Go through the data and copy each line that holds "Silver".

^^^^^^^^

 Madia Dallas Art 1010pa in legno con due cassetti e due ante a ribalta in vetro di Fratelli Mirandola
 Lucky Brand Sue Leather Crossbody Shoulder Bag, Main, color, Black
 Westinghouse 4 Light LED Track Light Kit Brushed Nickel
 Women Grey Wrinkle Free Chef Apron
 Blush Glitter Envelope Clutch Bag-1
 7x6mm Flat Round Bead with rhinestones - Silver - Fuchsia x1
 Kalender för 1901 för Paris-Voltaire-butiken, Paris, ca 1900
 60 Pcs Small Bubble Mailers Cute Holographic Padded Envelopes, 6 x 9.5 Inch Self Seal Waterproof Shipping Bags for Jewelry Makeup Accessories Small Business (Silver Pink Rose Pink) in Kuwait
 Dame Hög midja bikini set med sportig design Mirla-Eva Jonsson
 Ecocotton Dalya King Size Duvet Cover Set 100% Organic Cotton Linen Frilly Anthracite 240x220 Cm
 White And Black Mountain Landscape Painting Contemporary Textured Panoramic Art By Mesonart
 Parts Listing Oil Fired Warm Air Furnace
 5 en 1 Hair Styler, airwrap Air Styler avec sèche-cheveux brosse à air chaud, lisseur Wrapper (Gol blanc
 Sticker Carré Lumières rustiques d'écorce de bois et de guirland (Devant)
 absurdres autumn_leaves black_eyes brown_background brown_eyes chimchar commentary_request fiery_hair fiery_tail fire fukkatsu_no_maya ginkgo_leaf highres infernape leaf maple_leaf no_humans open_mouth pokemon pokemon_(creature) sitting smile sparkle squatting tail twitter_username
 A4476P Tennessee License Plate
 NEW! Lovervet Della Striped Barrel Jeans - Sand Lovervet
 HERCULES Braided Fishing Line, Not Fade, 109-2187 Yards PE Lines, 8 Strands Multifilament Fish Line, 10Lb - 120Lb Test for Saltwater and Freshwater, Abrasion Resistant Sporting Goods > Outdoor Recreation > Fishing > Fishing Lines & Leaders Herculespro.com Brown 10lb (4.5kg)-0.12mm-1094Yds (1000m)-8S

^^^^^^^^

» **Answer below**
 7x6mm Flat Round Bead with rhinestones - Silver - Fuchsia x1
 60 Pcs Small Bubble Mailers Cute Holographic Padded Envelopes, 6 x 9.5 Inch Self Seal Waterproof Shipping Bags for Jewelry Makeup Accessories Small Business (Silver Pink Rose Pink) in Kuwait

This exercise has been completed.